Mi app store is, and on Chinese models is the only one.
The jury settled on the relevant geographic market being "worldwide excluding China".
Google effectively has a monopoly on the Android app ecosystem and this trial brought to light mountains of evidence that they maintain this through extremely anti-competitive means.
None of those are allowed on the Play Store. And when you try to side load an app, it warns you about it being dangerous.
They're not disallowed on the Play Store. They just choose not to put them there specifically because they don't want to pay Google 30%.
But that's not what we're discussing. We're discussing 3rd party app stores. Computers have had warnings about installing software since the beginning of computers, since no one has vetted whether it is malicious (not that the app stores are immune from malicious apps) so I don't see that as an issue. I would see mandating the removal of those warnings as an issue.
The Play Store doesn't allow other app stores.

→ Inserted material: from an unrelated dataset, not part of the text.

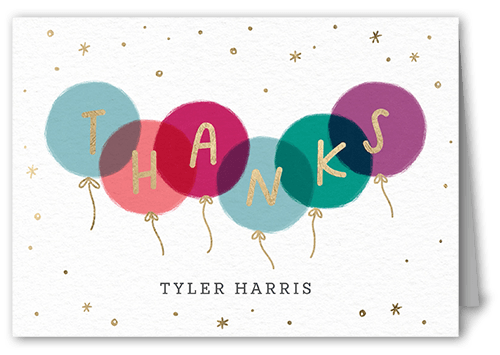 Poppin Party Thank You Card, Pink, 3x5, Matte, Folded Smooth Cardstock, Azalea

"4.5 You may not use Google Play to distribute or make available any Product that has a purpose that facilitates the distribution of software applications and games for use on Android devices outside of Google Play." - Google Play Developer Distribution Agreement
I think "Computers" go back way farther than you're imagining. There was a time when you didn't even install software on computers. You just put in a disk and ran what was on it. We don't even need to go back to when "Computer" was an actual job title. Something that humans (mostly women) did.
...huh? Why would there be an app store inside an app store?
No I was just speaking simply. You know what I meant.
To make it easy to access other app stores of course. You can use one web browser to download another can't you.
Maybe too simply, because I really don't. Windows didn't give any warnings about installing any programs until Windows 10 I think. And even then it's only the truly esoteric and unknown to Microsoft.